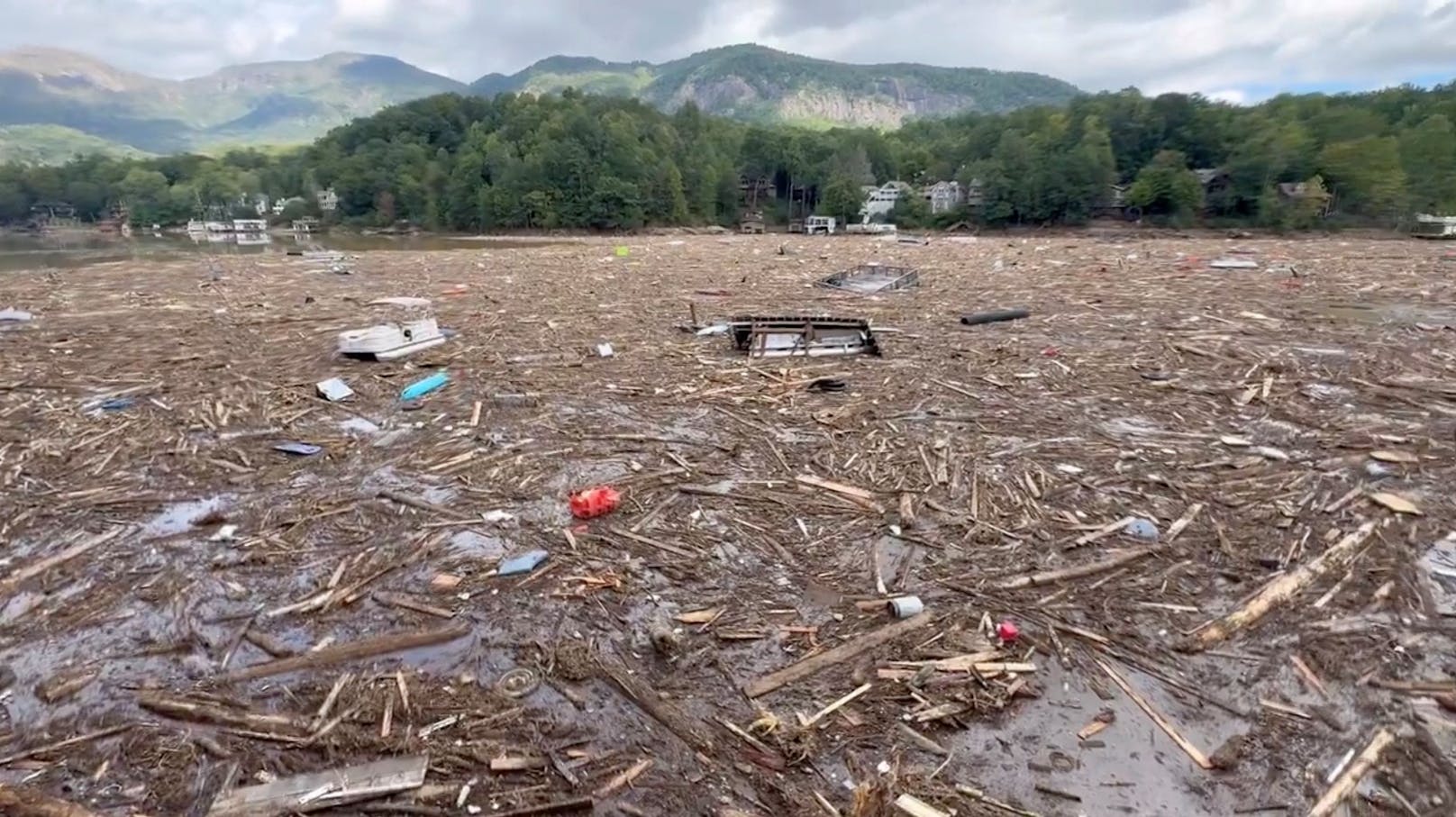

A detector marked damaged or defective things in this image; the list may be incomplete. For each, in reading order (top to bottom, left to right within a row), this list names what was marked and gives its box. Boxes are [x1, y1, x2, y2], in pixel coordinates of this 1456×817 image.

broken wooden plank [1182, 522, 1377, 652]
broken wooden plank [219, 627, 469, 685]
broken wooden plank [746, 616, 937, 699]
broken wooden plank [1096, 663, 1211, 771]
broken wooden plank [207, 757, 429, 814]
broken wooden plank [1305, 731, 1398, 814]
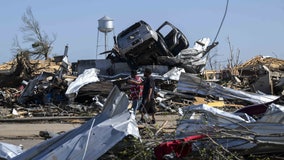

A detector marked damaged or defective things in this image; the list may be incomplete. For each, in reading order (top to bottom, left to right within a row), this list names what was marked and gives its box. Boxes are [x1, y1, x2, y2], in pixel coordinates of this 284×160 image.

crumpled metal sheet [65, 68, 100, 95]
crumpled metal sheet [176, 72, 278, 104]
crumpled metal sheet [13, 86, 140, 160]
crumpled metal sheet [0, 142, 22, 159]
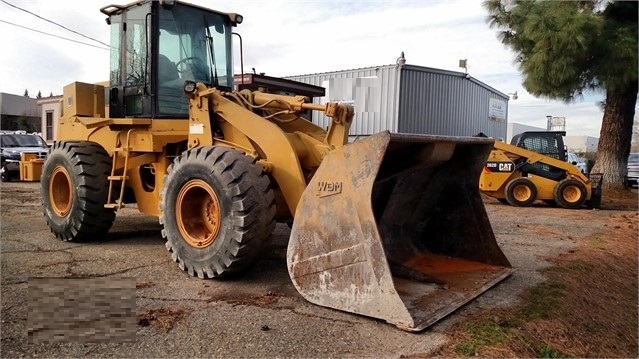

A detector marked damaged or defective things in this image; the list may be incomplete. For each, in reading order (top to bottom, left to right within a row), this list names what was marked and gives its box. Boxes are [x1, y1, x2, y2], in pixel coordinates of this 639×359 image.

rusty metal surface [288, 131, 512, 332]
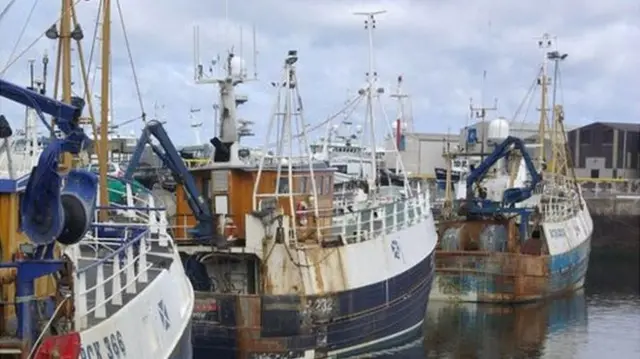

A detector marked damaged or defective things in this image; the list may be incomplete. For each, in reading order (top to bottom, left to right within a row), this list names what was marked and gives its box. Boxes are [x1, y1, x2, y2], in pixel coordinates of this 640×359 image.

rusty hulled boat [172, 14, 438, 358]
rusty hulled boat [430, 35, 596, 304]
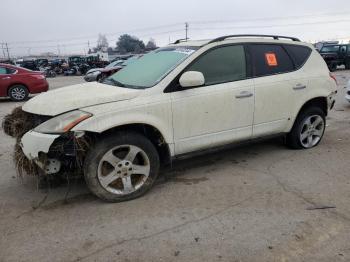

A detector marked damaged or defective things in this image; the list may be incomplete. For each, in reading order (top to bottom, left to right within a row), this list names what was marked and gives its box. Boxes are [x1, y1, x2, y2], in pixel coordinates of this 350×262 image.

damaged front end [2, 107, 91, 177]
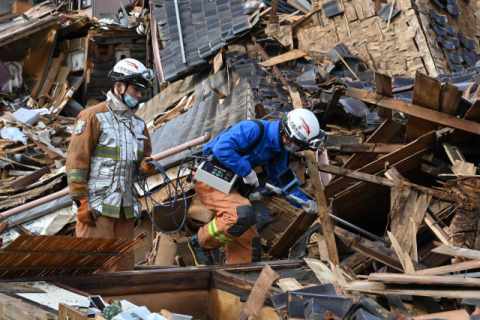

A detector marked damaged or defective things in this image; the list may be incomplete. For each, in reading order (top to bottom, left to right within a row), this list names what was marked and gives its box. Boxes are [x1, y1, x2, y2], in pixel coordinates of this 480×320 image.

splintered wood plank [258, 49, 308, 67]
shattered wall panel [300, 6, 438, 77]
splintered wood plank [376, 72, 394, 119]
splintered wood plank [346, 88, 480, 136]
splintered wood plank [404, 73, 442, 143]
splintered wood plank [237, 264, 280, 320]
splintered wood plank [306, 258, 336, 284]
splintered wood plank [386, 231, 416, 274]
splintered wood plank [370, 272, 480, 288]
splintered wood plank [414, 258, 480, 276]
splintered wood plank [432, 244, 480, 262]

● **Prompt**: All the records need to be printed again exactly as written, though without their pictures.

● **Answer box**:
A detector marked damaged or defective things in this image; the list may be incomplete. For each, in reading order (top to bottom, left to right within a row), this list names what was marked and gives its box. Boxes are [x1, y1, x2, y2], in pixel coordinates of this 1456×817 image.

broken wooden plank [1182, 522, 1377, 652]
broken wooden plank [219, 627, 469, 685]
broken wooden plank [746, 616, 937, 699]
broken wooden plank [1096, 663, 1211, 771]
broken wooden plank [207, 757, 429, 814]
broken wooden plank [1305, 731, 1398, 814]

A detector marked damaged or defective things in this image; the list may be incomplete. For each, in reading order (top to bottom, left to right within a row), this list names what was marked and gives its box. Boxes are [x1, y1, x2, y2], in pixel coordinates of this 284×160 image.

crumpled metal sheet [65, 68, 100, 95]
crumpled metal sheet [176, 72, 278, 104]
crumpled metal sheet [13, 86, 140, 160]
crumpled metal sheet [0, 142, 22, 159]

A detector marked damaged or defective things in this image; the list may be incomplete. For each, in reading order (top to bottom, left to right within a row), this list names what was marked and gives its box. Boxes are [x1, y1, x2, y2], in pixel coordinates of this 639×359 image.

rusty metal surface [288, 131, 512, 332]

A detector marked damaged or defective things in this image; the list may be incomplete. For each, in reading order (top to bottom, left to right within a row), this list names what was marked and gives its box. Boxes are [x1, y1, x2, y2], in pixel coordinates of this 640×359 image.

rusty hulled boat [172, 14, 438, 358]
rusty hulled boat [430, 35, 596, 304]

A detector marked damaged or defective things in this image; the list may be incomplete. For each, in reading order (top to bottom, left to right within a row), this list names what was marked and gives its box. Boxes are [x1, y1, x2, y2], in pixel coordinates of this 350×262 image.

damaged front end [2, 107, 91, 177]

A detector marked damaged or defective things in this image; the list may be incomplete. For each, in reading order (top to bottom, left to right within a row), this list names what was marked and gives its box. Boxes are [x1, y1, x2, y2], in pixel coordinates of this 480×320 image.

splintered wood plank [258, 49, 308, 67]
shattered wall panel [300, 6, 438, 77]
splintered wood plank [376, 72, 394, 119]
splintered wood plank [346, 88, 480, 136]
splintered wood plank [404, 73, 442, 143]
splintered wood plank [237, 264, 280, 320]
splintered wood plank [306, 258, 336, 284]
splintered wood plank [386, 231, 416, 274]
splintered wood plank [370, 272, 480, 288]
splintered wood plank [414, 258, 480, 276]
splintered wood plank [432, 244, 480, 262]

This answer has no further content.